- _Your task_
Transcribe the full listing without changing a word, and omit its pictures.

- _Recorded data_
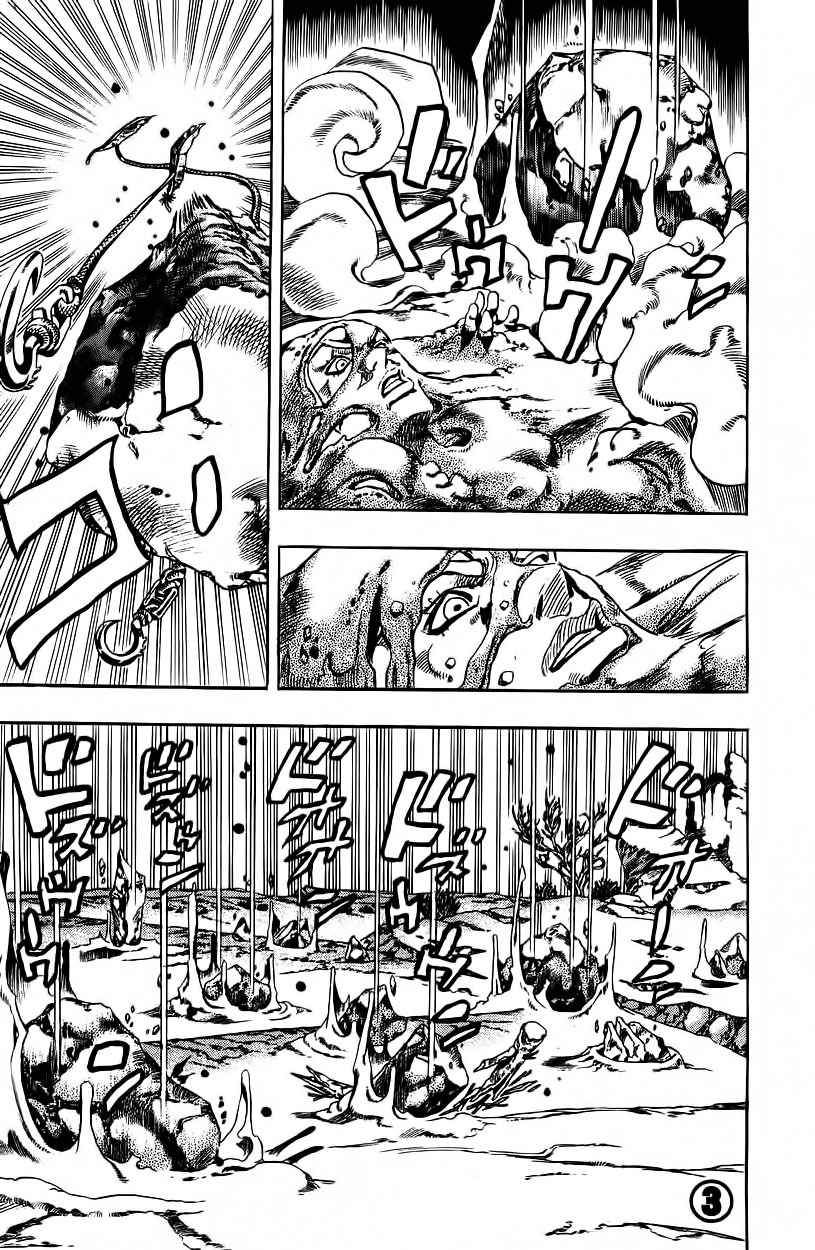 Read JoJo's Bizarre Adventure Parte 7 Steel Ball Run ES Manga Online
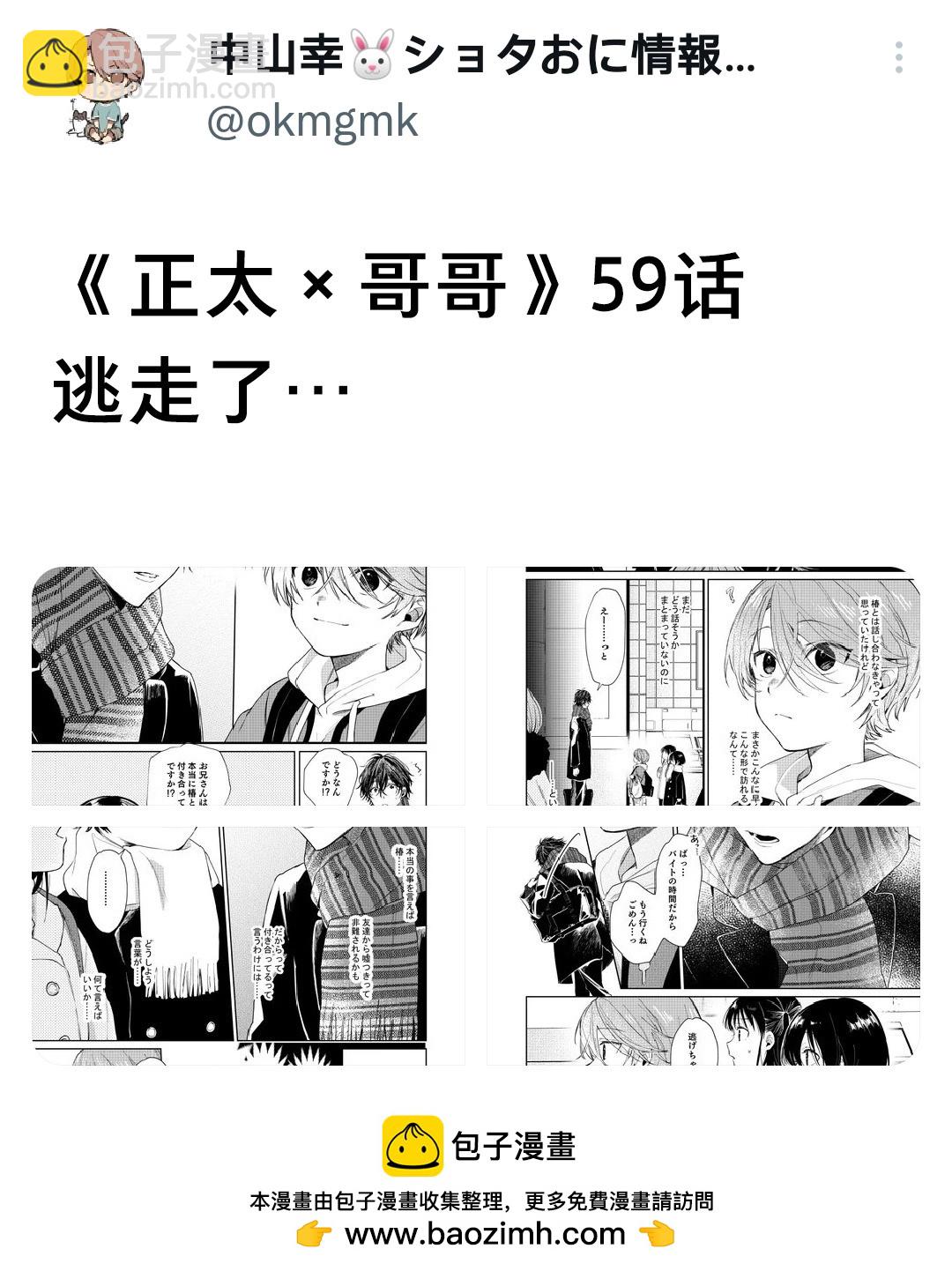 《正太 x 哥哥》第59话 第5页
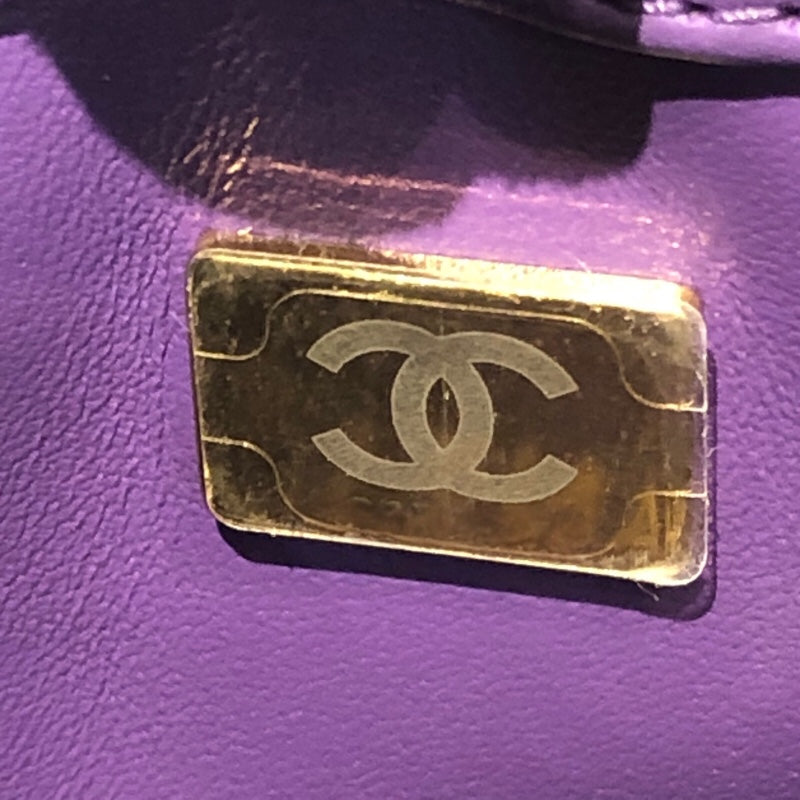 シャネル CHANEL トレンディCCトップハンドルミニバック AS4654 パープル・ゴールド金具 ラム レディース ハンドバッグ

- _Expected answer_
 Read JoJo's Bizarre Adventure Parte 7 Steel Ball Run ES Manga Online
 《正太 x 哥哥》第59话 第5页
 シャネル CHANEL トレンディCCトップハンドルミニバック AS4654 パープル・ゴールド金具 ラム レディース ハンドバッグ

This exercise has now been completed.